- [PROBLEM TO WORK ON]: After locating the line with "Hotel Holiday Inn" in the entries below, set down exactly that line and each one after it to the end, skipping pictures.

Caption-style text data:
□ □ □ □
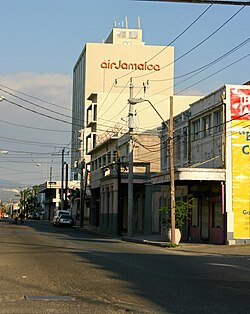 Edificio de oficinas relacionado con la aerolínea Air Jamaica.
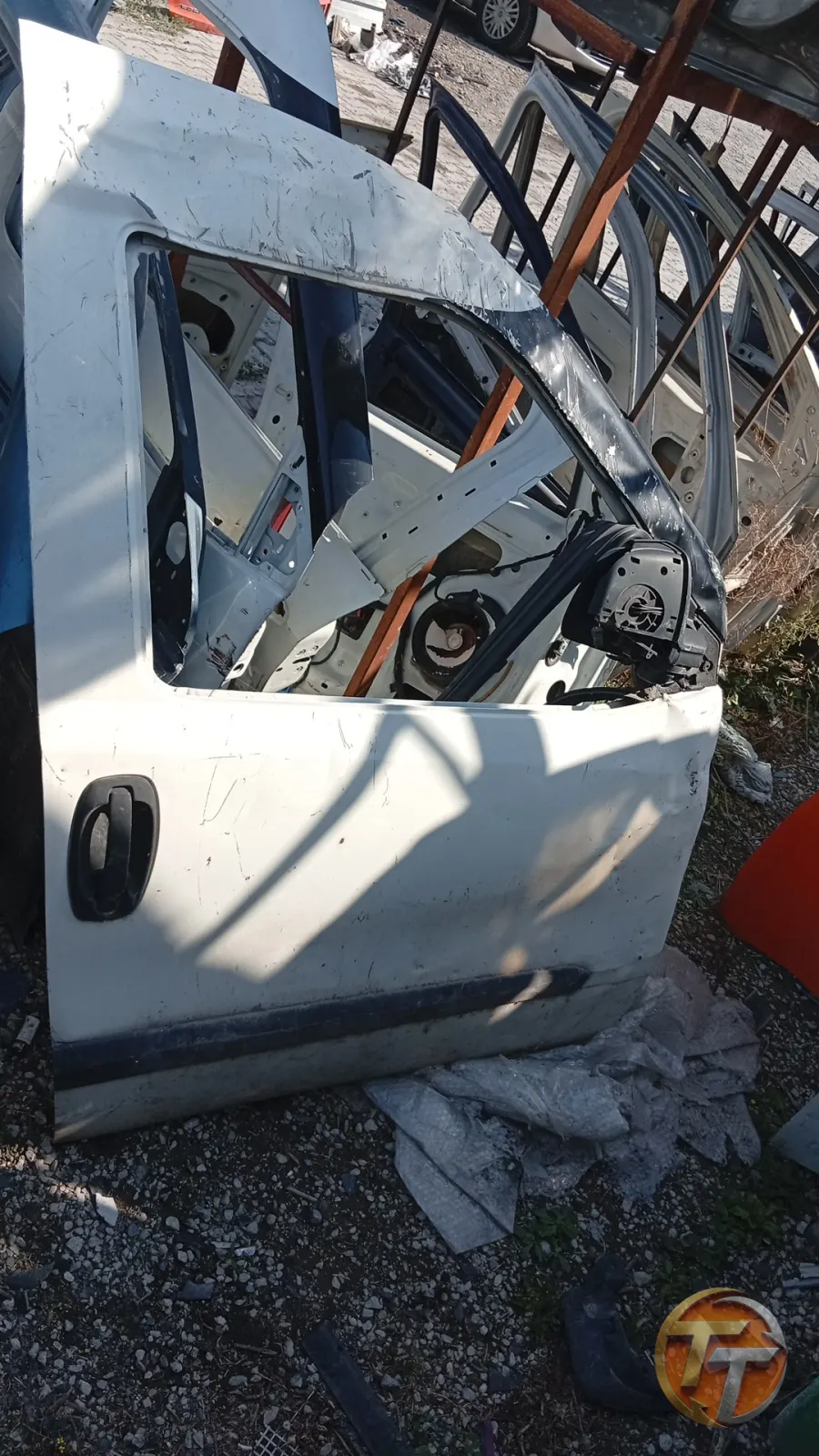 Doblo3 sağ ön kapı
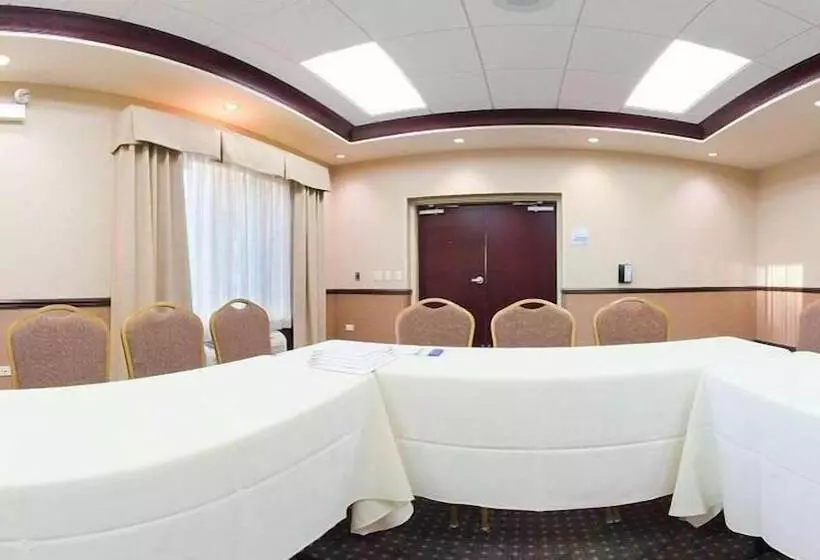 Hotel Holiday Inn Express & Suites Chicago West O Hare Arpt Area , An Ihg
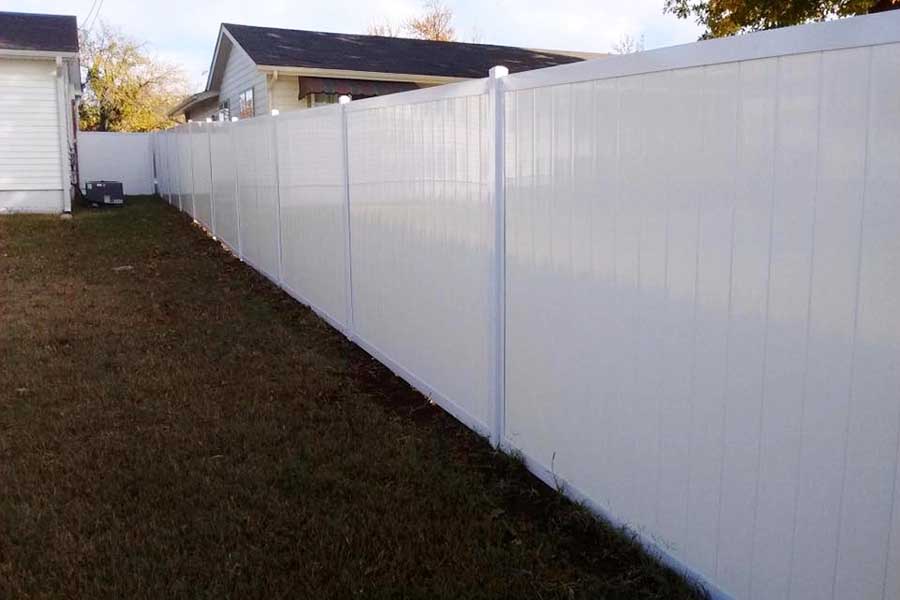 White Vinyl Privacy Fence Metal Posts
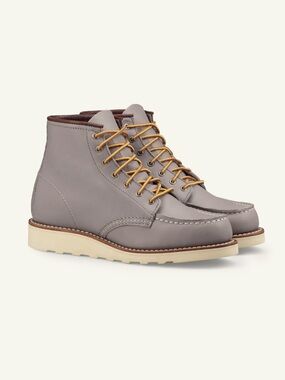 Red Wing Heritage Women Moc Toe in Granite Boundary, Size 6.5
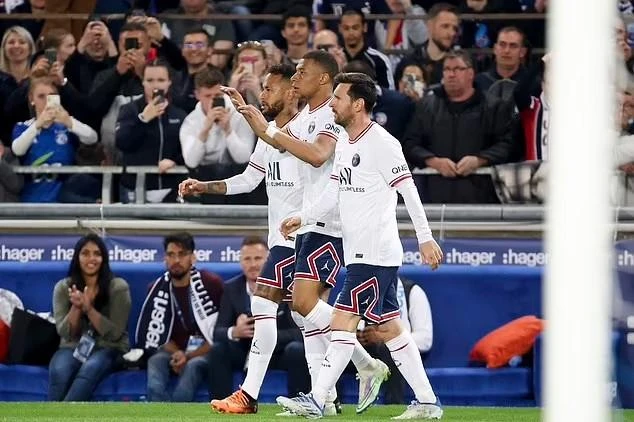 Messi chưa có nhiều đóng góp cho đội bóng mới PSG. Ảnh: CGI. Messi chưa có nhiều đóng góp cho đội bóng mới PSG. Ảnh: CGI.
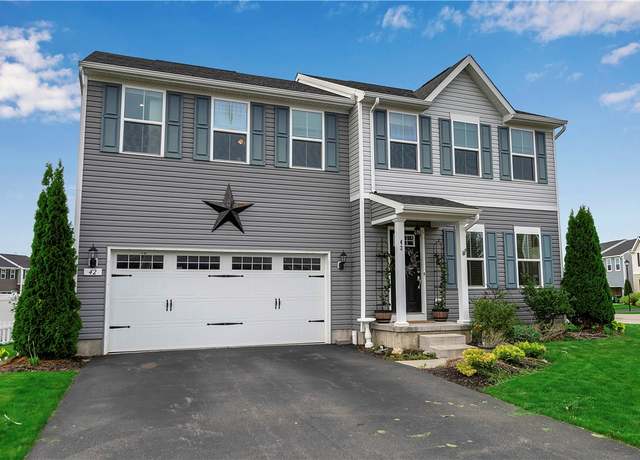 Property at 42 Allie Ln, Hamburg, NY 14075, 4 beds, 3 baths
□ □ □ □
- [EXERCISE ANSWER]:
 Hotel Holiday Inn Express & Suites Chicago West O Hare Arpt Area , An Ihg
 White Vinyl Privacy Fence Metal Posts
 Red Wing Heritage Women Moc Toe in Granite Boundary, Size 6.5
 Messi chưa có nhiều đóng góp cho đội bóng mới PSG. Ảnh: CGI. Messi chưa có nhiều đóng góp cho đội bóng mới PSG. Ảnh: CGI.
 Property at 42 Allie Ln, Hamburg, NY 14075, 4 beds, 3 baths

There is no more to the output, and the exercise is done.